Sponsored by Henry Holt & Co.
Loved and Wanted is the passionate story of a woman’s love for her children, and a poignant and bracing look at the difficult choices women in America are forced to make every day, in a nation where policies and a cultural war on women leave them without sufficient agency over their bodies, their futures, and even their hopes for their children’s lives.
Happy Tuesday, readers! I hope you had a great weekend and were able to find something wonderful to read. Sadly, my plans to throw myself a weekend-long readathon were derailed by a cold and a trip to the emergency vet with Millay. But these things happen, and we’re both doing much better now, and I did manage to read most of a book in the vet’s parking lot while I waited. (It makes me laugh whenever I am told there may be a wait. “Oh no, I will be forced to read a book. The horror, lol!”)
Speaking of books (which is almost all I speak about), there are several books I am excited to get my hands on today, including At Night All Blood Is Black by David Diop, The Arrest by Jonathan Lethem, and Secret Santa by Andrew Shaffer. Megan Rapinoe’s memoir, One Life, is out now too, and it’s also the release day for my favorite true crime read of the year: We Keep the Dead Close: A Murder at Harvard and a Half Century of Silence by Becky Cooper. And congratulations to former Rioter Melody Schreiber on the book birthday of What We Didn’t Expect: Personal Stories about Premature Birth! That also reminds me that I want to read Loved and Wanted: A Memoir of Choice, Children, and Womanhood by Christa Parravani.
You can hear about more of today’s amazing books on this week’s episode of All the Books! Vanessa and I discussed The Office of Historical Corrections, Moonflower Murders, Mimi Lee Reads Between the Lines, and more great new books.

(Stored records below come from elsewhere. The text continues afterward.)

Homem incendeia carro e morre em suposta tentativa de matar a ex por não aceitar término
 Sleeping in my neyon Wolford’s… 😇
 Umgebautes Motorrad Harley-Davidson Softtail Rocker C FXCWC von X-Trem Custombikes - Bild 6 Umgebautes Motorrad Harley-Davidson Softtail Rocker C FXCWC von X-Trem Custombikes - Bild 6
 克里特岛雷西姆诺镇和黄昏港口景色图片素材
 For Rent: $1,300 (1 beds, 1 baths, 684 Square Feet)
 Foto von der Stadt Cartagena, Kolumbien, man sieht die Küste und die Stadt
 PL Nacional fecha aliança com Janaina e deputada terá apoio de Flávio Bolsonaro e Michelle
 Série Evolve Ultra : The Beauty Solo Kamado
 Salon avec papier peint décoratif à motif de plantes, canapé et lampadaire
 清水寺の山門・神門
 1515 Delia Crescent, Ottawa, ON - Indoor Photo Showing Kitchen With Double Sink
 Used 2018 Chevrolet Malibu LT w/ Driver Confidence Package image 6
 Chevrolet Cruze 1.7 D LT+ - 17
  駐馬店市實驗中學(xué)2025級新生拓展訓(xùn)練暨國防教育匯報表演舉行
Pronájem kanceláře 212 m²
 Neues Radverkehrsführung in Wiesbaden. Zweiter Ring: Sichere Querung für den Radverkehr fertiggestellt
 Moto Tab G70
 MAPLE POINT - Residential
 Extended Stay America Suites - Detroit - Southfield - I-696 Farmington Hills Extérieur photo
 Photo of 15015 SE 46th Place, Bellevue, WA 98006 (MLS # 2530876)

And now, it’s time for everyone’s favorite gameshow: AHHHHHH MY TBR! Here are today’s contestants:
Written in the Stars by Alexandria Bellefleur
I am so excited this book is finally out! Elle Jones is an astrologer with a popular Twitter account. Darcy Lowell is an actuary with a meddlesome brother who is determined to help her find love. When he sets Darcy up with Elle, she agrees to the date—and it’s a disaster. But to keep her brother from trying to find her another match, she gets Elle to agree to pretend they were made for each other. When they obviously are not, nope, no way, no how. And spending more time together will just prove it to everyone and themselves…right? YAY FAKE DATING. This is a frickin delightful #ownvoices queer rom-com, which claims to be a bit like Pride and Prejudice, but I’ll have to take everyone’s word for it, because I still haven’t read P&P. (SHHHHHHHH I KNOW.)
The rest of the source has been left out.